あの事件の後で銃の携帯許可が警視庁公安部から出たが、一度も使った事が無いと思って笑う。

表参道の店に到着すると学校帰りの杏が居る。「先週、二十歳になった」と言って飲んでいるが、酒の知識量の然ることながら、酒の嗜み方も元CAのお姉様方に負けず劣らず、堂に入っている。

「ベトナムのタクシー会社が、ウチの中古車の採用を決定したそうです」
杏と母の里子とベトナム南部に出張した際、通訳・ガイドとして同行した志木さんがモリも知らない現地情報を出して来た。明後日からの東南アジア視察でも同行して貰う。ボルネオ島以外の土地は流石の志木さんでも初めてらしいのだが。

「国内で中古車販売をしないのですか?」志木さんのチームの山元さんが身を乗り出して来る。

「紬はクルマを買おうとしてるんです」
志木さんがウィンクする。2人の親密度がバレても構わないのか、チーム内ではバレているのか分からずに応える。

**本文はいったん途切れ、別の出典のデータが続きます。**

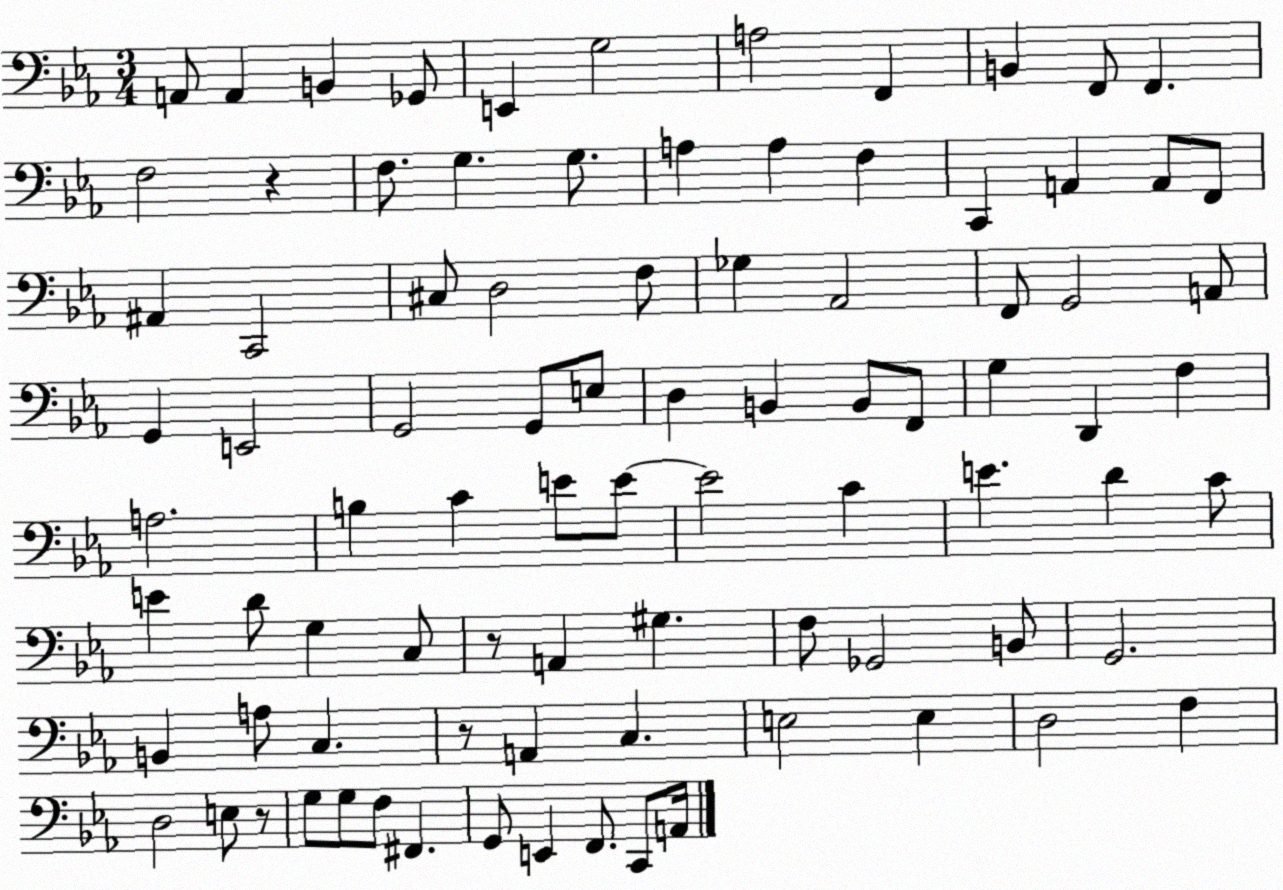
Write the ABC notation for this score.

「どのメーカーも生産体制が整って来たらしいけど、納車は半年後以降って言うのは暫く変わらない・・どうなんだろう?もう少し待てないもの・・そうだよね、運転したいよね」 
鼻息の荒い山元さんを杏が宥めている。我が家の魔改造車の存在を教えてしまったのだろう。

「私も買い替えを考えています。燃費が良い方がいいですし」
杉田さんも話に加わった。2人となるともう逃げられない。

「杉田さんは何に乗ってるの?」

「もはや旧車扱いになっている306です」
フランスの2ボックス車で、モリの家の唯一のフランス車と同時期のモデルだ。

「今、我が家の307ワゴンを改造中なんだけどさ、杉田さんも306の魔改造やってみる?
山元さんには、タイに出荷する前の車両から選べるようにしようかね?右ハンドル車だし。僕も割安でやってもらったから、社員販売っていうのも検討した方がいいのかもしれない」

「それなら、私のゴルビーもお願いします!」
志木さんは我が家と同じドイツの2ボックスカーだ。

「欧州車のオーナーには需要があるんじゃないの?「改造請け負います」ってアナウンスしたら?」杏が言うと3人も燥いだが、別の客が入って来たので静かになってしまった。
場違い感のある、無精髭で草臥れたスーツ姿の男・・それも一人だ。「やや警戒」とする。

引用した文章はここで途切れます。